- _EXERCISE GOAL_
Leaving the pictures aside, return all of the data below exactly.

- _EXERCISE DATA_
----------

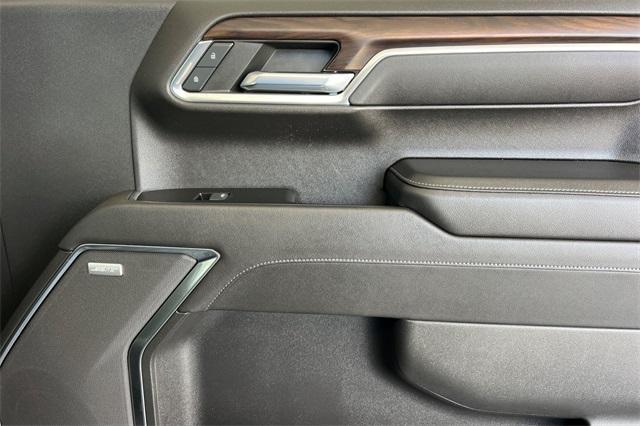 Photo of 2022 Pacific Blue Metallic GMC Sierra 1500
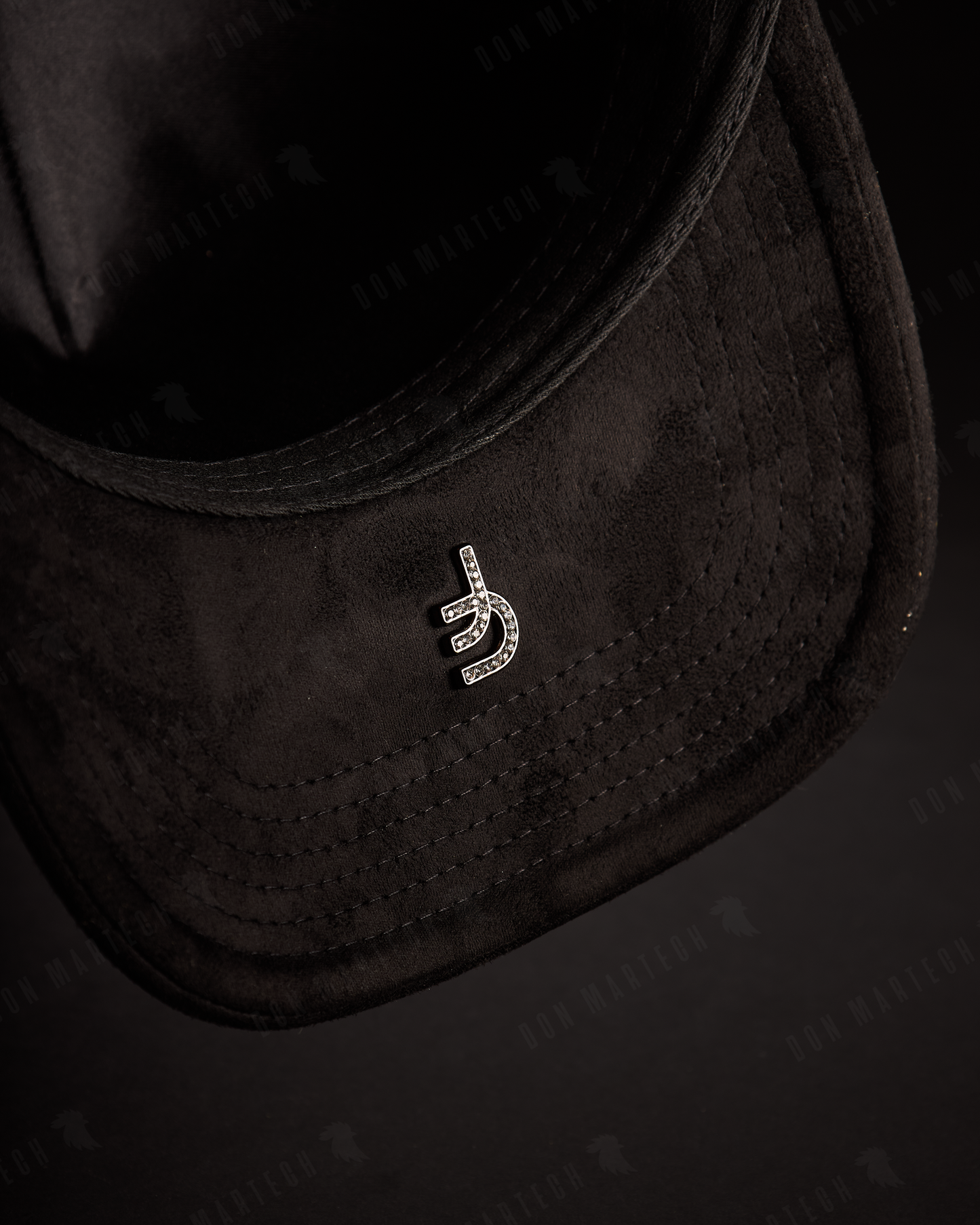 Florence - "San Judas" Total Black
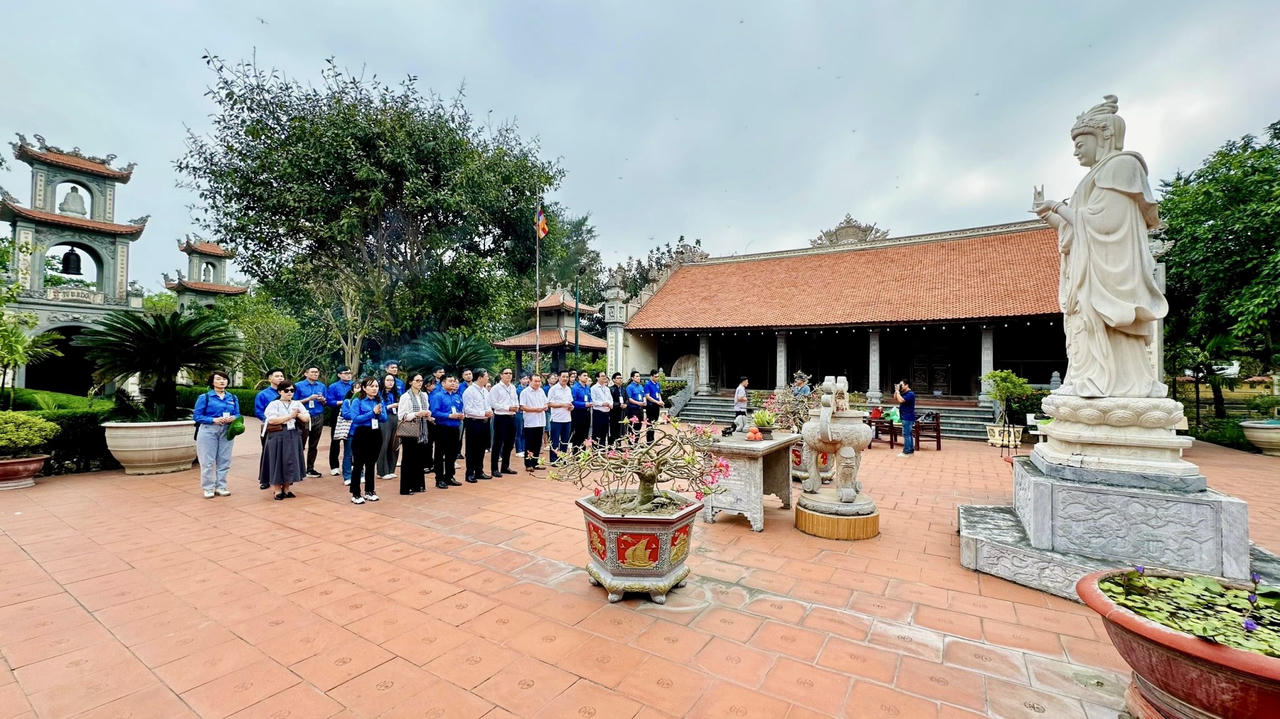 Nhiều hoạt động ý nghĩa trong hành trình “Tuổi trẻ vì biển đảo quê hương năm 2024”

----------

- _RESPONSE TO THIS TASK_
 Photo of 2022 Pacific Blue Metallic GMC Sierra 1500
 Florence - "San Judas" Total Black
 Nhiều hoạt động ý nghĩa trong hành trình “Tuổi trẻ vì biển đảo quê hương năm 2024”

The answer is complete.